# PROBLEM DESCRIPTION
Please give back only the lines below from the one containing "Фото: Novikov Group" to the one containing "Antonio Melani Bow", each repeated word for word, both ends included.
:::
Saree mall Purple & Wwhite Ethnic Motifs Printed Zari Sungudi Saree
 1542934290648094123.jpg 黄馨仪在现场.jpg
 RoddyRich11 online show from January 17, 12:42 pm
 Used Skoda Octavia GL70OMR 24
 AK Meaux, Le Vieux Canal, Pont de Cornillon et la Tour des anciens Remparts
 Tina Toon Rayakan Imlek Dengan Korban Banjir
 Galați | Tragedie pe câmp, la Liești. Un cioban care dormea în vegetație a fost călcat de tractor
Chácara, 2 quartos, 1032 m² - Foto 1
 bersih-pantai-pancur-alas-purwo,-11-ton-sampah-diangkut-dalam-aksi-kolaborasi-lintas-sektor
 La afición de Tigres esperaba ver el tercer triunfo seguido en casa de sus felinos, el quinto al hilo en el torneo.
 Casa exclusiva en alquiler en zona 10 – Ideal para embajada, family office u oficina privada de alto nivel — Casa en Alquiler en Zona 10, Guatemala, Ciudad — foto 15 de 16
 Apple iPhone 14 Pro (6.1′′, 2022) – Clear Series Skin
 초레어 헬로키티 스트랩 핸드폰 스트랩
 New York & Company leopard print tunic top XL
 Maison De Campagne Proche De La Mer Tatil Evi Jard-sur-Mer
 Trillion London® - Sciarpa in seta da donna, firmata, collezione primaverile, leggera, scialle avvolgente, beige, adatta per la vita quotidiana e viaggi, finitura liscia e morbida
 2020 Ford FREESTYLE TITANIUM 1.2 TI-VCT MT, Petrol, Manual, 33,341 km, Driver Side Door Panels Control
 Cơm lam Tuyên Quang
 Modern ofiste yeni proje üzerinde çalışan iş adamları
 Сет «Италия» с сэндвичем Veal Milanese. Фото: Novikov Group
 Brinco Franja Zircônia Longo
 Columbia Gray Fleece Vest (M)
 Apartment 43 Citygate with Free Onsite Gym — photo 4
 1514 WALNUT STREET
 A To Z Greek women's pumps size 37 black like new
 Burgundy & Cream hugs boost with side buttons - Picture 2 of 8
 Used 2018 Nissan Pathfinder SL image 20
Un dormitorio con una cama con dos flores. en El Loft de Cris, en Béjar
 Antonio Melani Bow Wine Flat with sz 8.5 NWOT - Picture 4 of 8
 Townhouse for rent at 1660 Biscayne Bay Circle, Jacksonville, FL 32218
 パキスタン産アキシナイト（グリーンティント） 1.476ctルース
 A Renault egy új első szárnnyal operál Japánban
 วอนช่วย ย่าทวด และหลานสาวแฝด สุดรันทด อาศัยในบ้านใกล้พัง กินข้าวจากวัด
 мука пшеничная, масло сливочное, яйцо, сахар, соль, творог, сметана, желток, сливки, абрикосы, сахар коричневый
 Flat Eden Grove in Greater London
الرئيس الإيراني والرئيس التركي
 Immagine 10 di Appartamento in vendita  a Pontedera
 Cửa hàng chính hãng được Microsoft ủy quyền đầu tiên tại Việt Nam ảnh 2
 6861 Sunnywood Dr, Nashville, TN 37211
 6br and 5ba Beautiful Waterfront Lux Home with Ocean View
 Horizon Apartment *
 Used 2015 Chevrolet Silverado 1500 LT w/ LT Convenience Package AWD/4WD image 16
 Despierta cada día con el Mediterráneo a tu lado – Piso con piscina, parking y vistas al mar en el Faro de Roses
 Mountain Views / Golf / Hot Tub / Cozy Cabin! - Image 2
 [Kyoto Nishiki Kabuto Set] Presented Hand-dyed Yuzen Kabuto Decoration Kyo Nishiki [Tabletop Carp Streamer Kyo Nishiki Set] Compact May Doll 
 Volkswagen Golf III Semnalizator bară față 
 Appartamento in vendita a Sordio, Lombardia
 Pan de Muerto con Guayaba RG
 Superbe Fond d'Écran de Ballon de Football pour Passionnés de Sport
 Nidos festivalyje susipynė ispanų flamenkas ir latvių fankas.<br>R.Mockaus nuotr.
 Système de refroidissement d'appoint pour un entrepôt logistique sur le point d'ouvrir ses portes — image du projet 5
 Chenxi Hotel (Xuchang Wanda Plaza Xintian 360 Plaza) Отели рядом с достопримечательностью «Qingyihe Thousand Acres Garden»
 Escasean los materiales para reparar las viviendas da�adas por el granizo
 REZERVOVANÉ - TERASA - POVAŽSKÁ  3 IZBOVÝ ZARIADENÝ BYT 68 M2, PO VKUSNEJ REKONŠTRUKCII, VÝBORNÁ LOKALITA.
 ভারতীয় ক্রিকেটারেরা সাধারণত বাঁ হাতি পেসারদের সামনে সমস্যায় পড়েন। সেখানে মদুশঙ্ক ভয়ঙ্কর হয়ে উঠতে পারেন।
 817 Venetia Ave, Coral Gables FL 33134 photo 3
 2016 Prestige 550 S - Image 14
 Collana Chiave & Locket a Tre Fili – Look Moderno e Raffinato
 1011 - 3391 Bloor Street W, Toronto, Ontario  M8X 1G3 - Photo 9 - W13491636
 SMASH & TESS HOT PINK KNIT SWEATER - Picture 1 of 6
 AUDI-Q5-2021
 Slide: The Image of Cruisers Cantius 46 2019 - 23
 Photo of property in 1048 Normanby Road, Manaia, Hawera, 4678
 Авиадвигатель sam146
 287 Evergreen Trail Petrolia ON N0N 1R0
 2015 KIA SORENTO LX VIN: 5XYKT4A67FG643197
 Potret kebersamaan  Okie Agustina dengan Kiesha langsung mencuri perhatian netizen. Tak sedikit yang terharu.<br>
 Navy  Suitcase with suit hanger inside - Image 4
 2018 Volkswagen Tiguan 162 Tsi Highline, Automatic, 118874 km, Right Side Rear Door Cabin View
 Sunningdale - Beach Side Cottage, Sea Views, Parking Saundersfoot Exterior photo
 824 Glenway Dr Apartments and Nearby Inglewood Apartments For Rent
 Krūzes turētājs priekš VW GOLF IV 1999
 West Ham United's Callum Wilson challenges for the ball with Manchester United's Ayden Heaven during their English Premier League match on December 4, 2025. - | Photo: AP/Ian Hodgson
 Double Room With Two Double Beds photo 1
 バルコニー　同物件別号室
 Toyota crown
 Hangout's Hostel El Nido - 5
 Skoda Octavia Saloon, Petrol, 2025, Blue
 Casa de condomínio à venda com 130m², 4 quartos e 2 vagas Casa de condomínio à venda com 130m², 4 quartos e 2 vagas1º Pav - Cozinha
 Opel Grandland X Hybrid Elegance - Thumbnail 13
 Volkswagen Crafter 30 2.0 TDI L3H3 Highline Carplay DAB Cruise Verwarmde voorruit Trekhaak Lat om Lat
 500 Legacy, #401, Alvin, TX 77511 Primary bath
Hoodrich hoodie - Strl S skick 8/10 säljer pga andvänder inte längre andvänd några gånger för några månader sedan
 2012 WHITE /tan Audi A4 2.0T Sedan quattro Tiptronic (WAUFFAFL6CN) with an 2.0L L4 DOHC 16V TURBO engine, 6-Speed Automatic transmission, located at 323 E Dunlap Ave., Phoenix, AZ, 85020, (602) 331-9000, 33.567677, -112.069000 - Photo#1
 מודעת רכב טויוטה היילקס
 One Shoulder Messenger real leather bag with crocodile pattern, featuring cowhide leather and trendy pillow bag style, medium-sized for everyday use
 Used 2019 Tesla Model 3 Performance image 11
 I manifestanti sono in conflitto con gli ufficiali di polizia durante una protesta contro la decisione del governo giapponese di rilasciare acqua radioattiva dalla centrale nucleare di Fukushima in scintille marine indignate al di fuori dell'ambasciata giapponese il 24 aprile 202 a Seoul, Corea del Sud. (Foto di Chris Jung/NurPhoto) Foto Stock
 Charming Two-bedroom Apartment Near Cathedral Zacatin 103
:::
# TASK RESPONSE
 Сет «Италия» с сэндвичем Veal Milanese. Фото: Novikov Group
 Brinco Franja Zircônia Longo
 Columbia Gray Fleece Vest (M)
 Apartment 43 Citygate with Free Onsite Gym — photo 4
 1514 WALNUT STREET
 A To Z Greek women's pumps size 37 black like new
 Burgundy & Cream hugs boost with side buttons - Picture 2 of 8
 Used 2018 Nissan Pathfinder SL image 20
Un dormitorio con una cama con dos flores. en El Loft de Cris, en Béjar
 Antonio Melani Bow Wine Flat with sz 8.5 NWOT - Picture 4 of 8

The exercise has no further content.